Look below for the line that contains "With the new" and the line that contains "It's Main Event", then restate both of them and every line in between, exactly. No picture goes in the copy.

_Dataset entries_.

::::

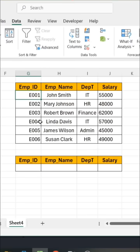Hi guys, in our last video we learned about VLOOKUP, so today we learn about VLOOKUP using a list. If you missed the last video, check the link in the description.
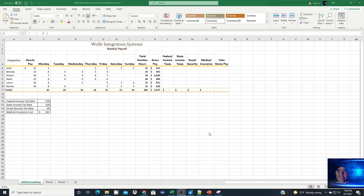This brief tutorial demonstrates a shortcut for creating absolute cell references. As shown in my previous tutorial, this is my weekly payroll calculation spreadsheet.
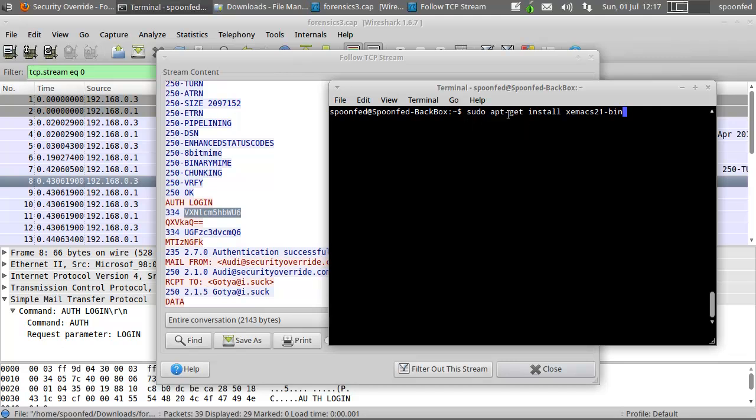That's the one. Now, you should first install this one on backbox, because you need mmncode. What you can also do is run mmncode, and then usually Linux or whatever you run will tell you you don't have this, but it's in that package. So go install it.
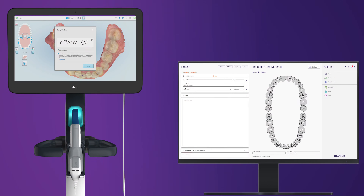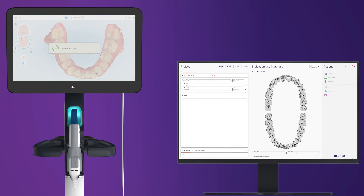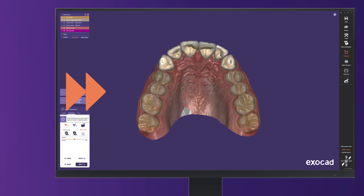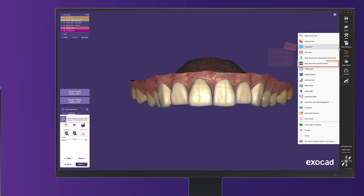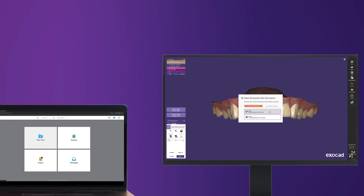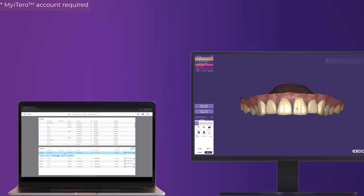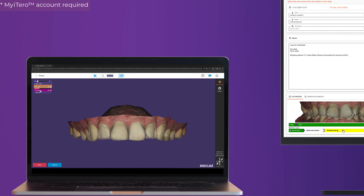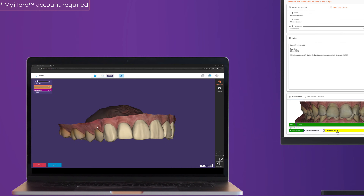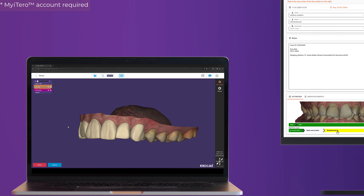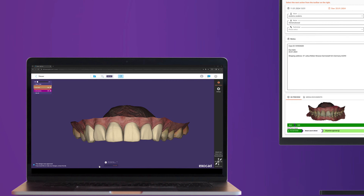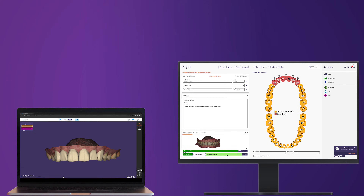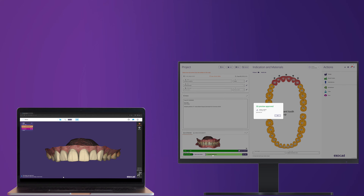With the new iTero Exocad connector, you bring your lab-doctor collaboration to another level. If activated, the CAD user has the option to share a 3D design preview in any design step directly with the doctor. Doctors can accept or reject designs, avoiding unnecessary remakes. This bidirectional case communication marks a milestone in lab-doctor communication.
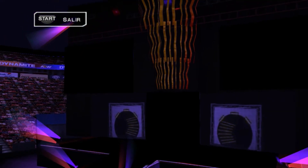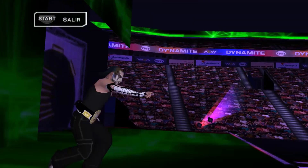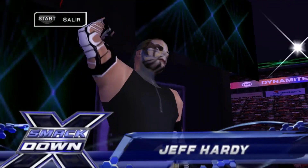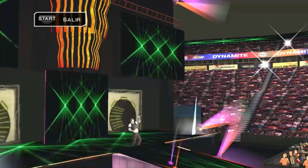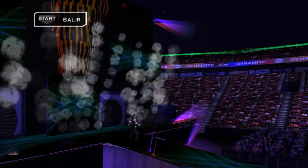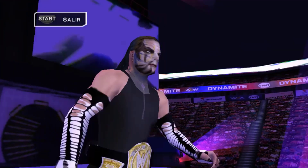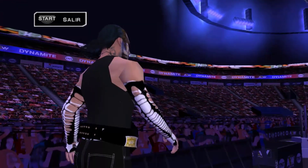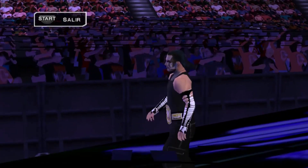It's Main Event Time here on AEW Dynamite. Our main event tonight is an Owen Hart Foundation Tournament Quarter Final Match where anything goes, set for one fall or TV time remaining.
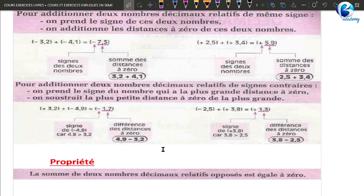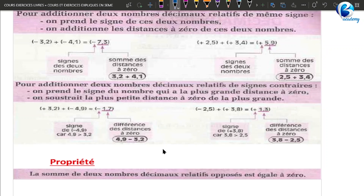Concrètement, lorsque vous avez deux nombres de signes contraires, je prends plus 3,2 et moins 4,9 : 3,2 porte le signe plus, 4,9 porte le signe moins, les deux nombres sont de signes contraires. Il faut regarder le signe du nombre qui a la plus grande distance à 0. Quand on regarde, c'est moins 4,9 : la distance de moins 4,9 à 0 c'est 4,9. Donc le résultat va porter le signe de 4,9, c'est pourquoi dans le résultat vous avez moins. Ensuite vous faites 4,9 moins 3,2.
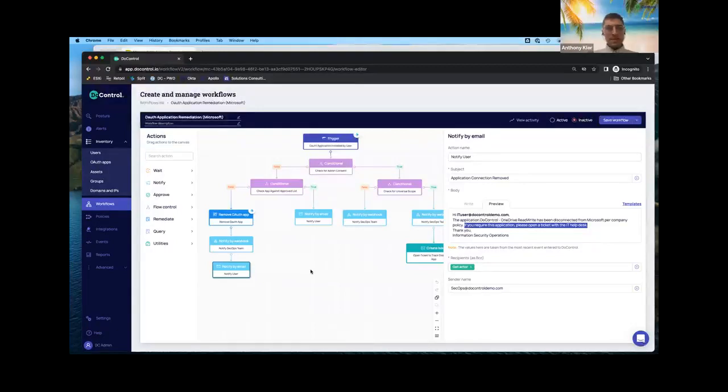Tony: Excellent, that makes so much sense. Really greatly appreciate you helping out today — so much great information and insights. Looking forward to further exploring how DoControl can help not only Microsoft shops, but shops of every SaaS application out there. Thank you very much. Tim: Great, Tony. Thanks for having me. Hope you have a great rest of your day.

::::

_ANSWER BOX_.
With the new iTero Exocad connector, you bring your lab-doctor collaboration to another level. If activated, the CAD user has the option to share a 3D design preview in any design step directly with the doctor. Doctors can accept or reject designs, avoiding unnecessary remakes. This bidirectional case communication marks a milestone in lab-doctor communication.
It's Main Event Time here on AEW Dynamite. Our main event tonight is an Owen Hart Foundation Tournament Quarter Final Match where anything goes, set for one fall or TV time remaining.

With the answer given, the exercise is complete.